* [Exercise objective] Pictures excluded, reproduce exactly the lines below from the one with "Natural emerald vintage" through the one with "Used 2019 Jeep", both included.

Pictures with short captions
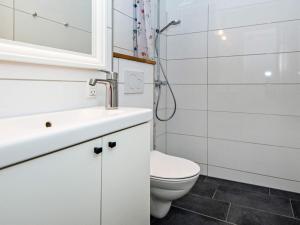 Koupelna v ubytování 4 person holiday home in Fanø-By Traum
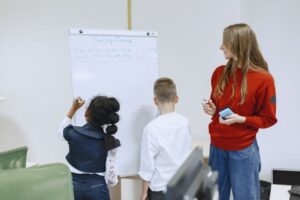 Hướng dẫn chi tiết cách tạo mẫu PowerPoint giáo án tiểu học thu hút và hiệu quả - Thiết kế bài giảng & Giáo án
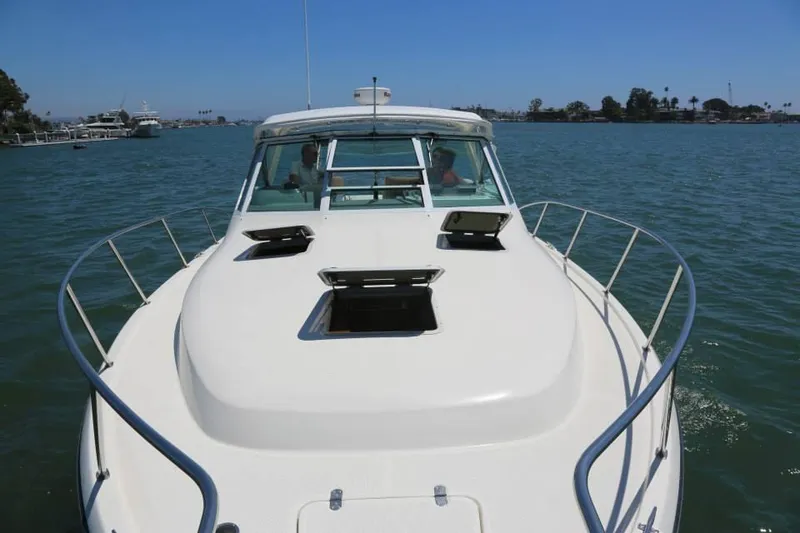 1996 Tiara Yachts 3100 Open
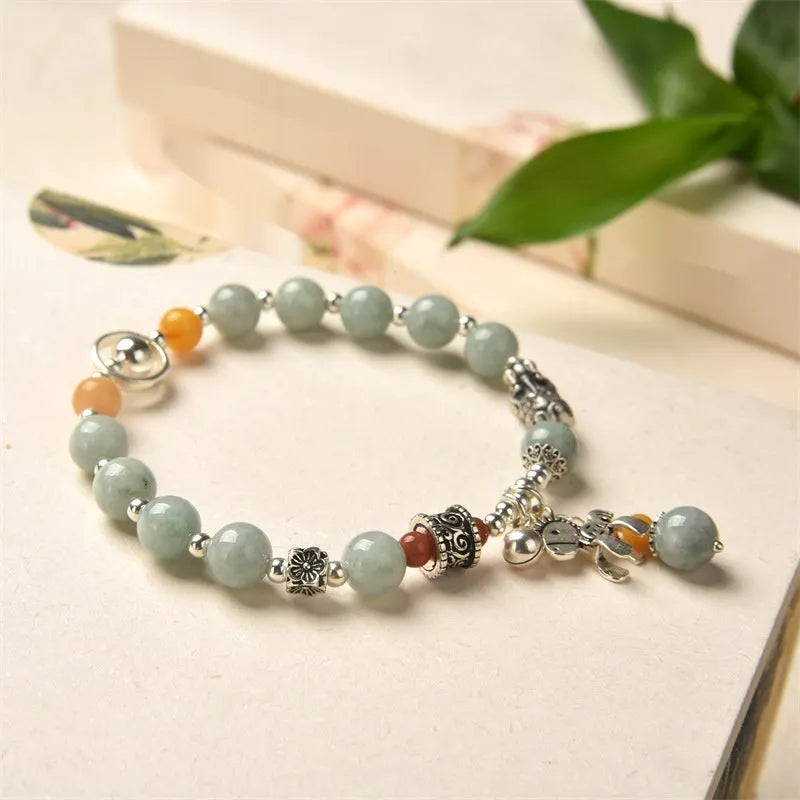 Natural emerald vintage bracelet with grade A jade stones and adjustable alloy fittings in pony style design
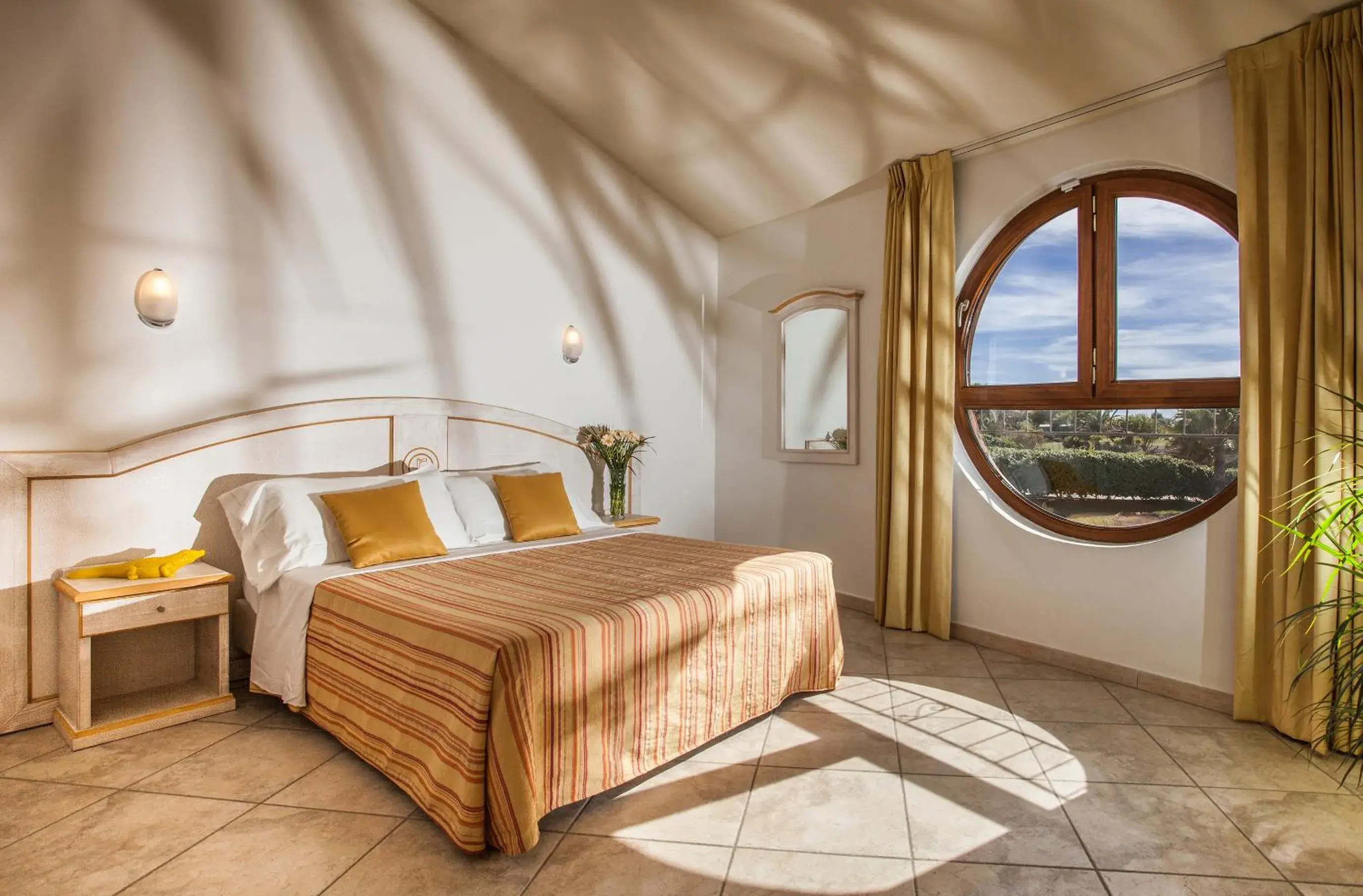 Superior Double or Twin Room in Hotel Raffael PHG Superior Double or Twin Room in Hotel Raffael PHG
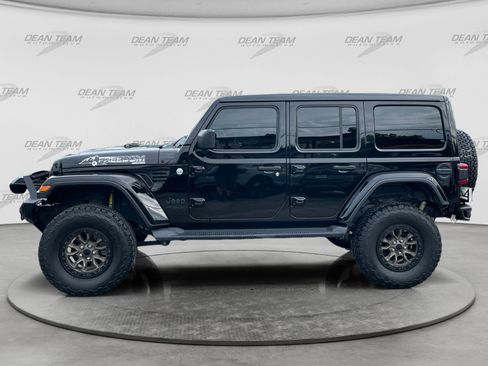 Used 2019 Jeep Wrangler Unlimited Sahara AWD/4WD image 4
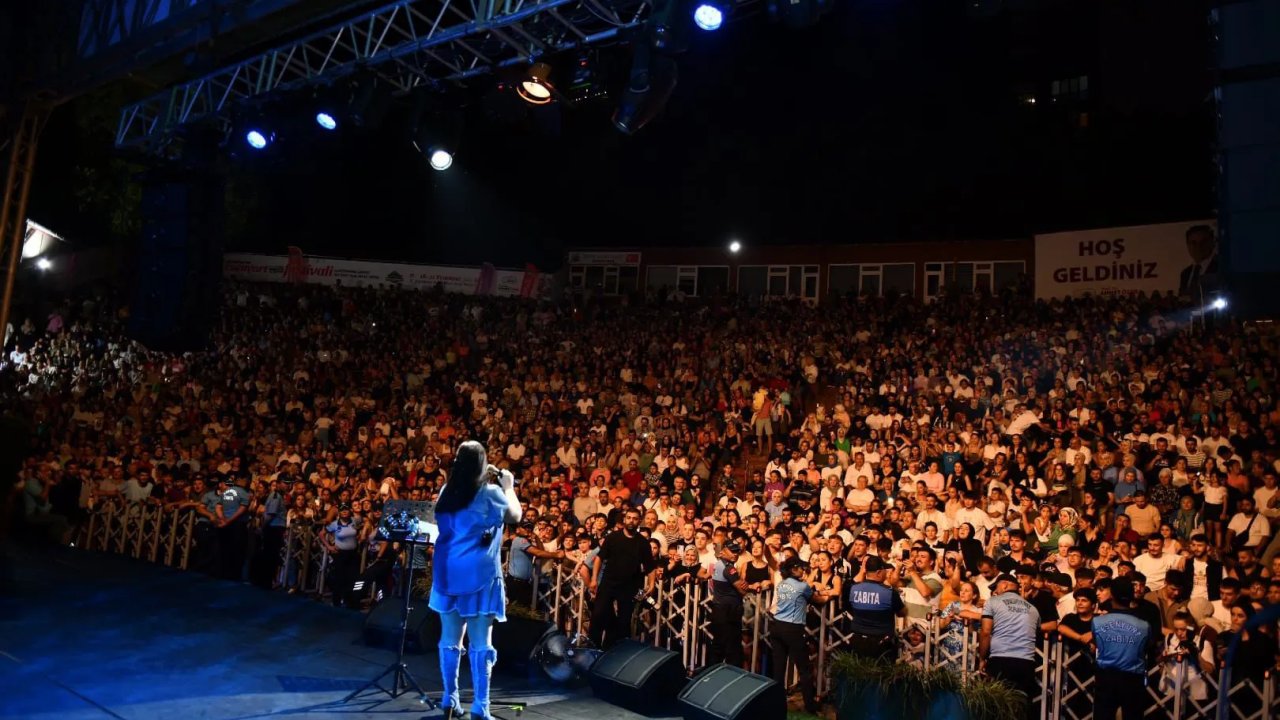 Esenyurt'ta 3. Uluslararası Dans Festivali sevilen sanatçı Tuğçe Kandemir'in verdiği konserle son buldu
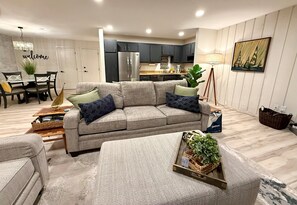 Smart-TV, peis og bøker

* [Solution to this problem]
 Natural emerald vintage bracelet with grade A jade stones and adjustable alloy fittings in pony style design
 Superior Double or Twin Room in Hotel Raffael PHG Superior Double or Twin Room in Hotel Raffael PHG
 Used 2019 Jeep Wrangler Unlimited Sahara AWD/4WD image 4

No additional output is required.